#ThisisSuccess

nabstalk_glasswall_7dec2016_photographerbronacmcneill_hr-21358-300x200A good day at work

How much are you the victim of SAD?  The time shift in late October obviously means more darkness, sooner.  Shortly the time will arrive when you may leave for work in the darkness, return home in the darkness, and if you’re in meetings all day, or there’s gloomy weather, you won’t see the sun for weeks, across the UK and most of northern Europe at least.  Should you find your mood to be irrationally gloomy too, you might have a dose of Seasonal Affective Disorder.  Then you may find it helpful to acquire an artificial way of topping up the sun via a lamp, or a swift holiday somewhere where they still see the sun.

There are other ways to ensure you are smiling at work.  Earlier this month Style Magazine published a new point of view of happiness at work.

Being an activist increases job satisfaction.  Solitaire Townsend, author of “The Happy Hero”, tells Style that those who do start campaigns for good at work find their lives: “improve in unimaginable ways. You will discover a self-confidence you never thought possible. Heroic actions will improve your health, resilience and relationships, and will even help you to live longer….it will even boost your sex life”.

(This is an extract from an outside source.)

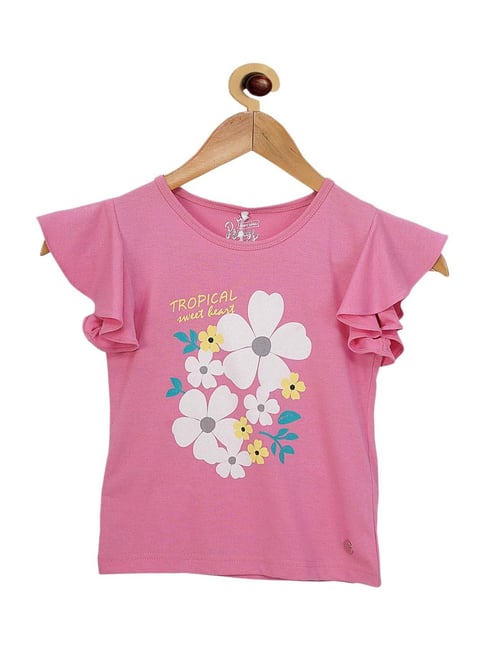 Tiny Girl Kids Pink Floral Print Top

Increasingly more and more people would consider that happiness at work is a key factor in success at work.   Given that we spend more time at work than we do doing anything else except sleeping then the answer to a question about what everyday success is surely must include a good day at work.  However fulfilling your day job is, having a mission to make not just the job better but the world better can enhance your working life.  Since the publication of The Glass Wall, success strategies for women at work and businesses that mean business, I have felt a small part of a campaign for better diversity that extends across our industry, across every institution within the UK and indeed across the planet.

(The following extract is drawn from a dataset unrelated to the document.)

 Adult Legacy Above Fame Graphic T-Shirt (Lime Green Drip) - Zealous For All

My co-author Kathryn Jacob and I have been speaking at over 70 gigs since publication.  We’ve been trying to help to smash that Glass Wall: the invisible barrier between women and the promotion to senior management that they often deserve but don’t get.  We haven’t yet succeeded.  Sometimes it feels as though our industry has been going backwards instead of improving.  On the other hand we know we’re helping some people.  One woman recently wrote that we’d significantly helped her settle into a new job.  We’ve contributed to a campaign that has only strengthened over the last 12 months.  This does feel good; this does feel like success.

You’ll need to find your own area of activism of course, and you’ll need to work for an employer that puts people first and encourages you to follow that cause.

There’s many ways to challenge for change at work.  It may be that your interests lie in making your team the most cohesive that it can be.  You might want to make sure every bit of paper and every coffee cup is recycled.  It might be that you can introduce your management to the idea that the business should not only be good for its shareholders but also be for good in the world.  Whatever success looks like for you, you should go for it, without delay.  It will make you happy.  Have a good day today.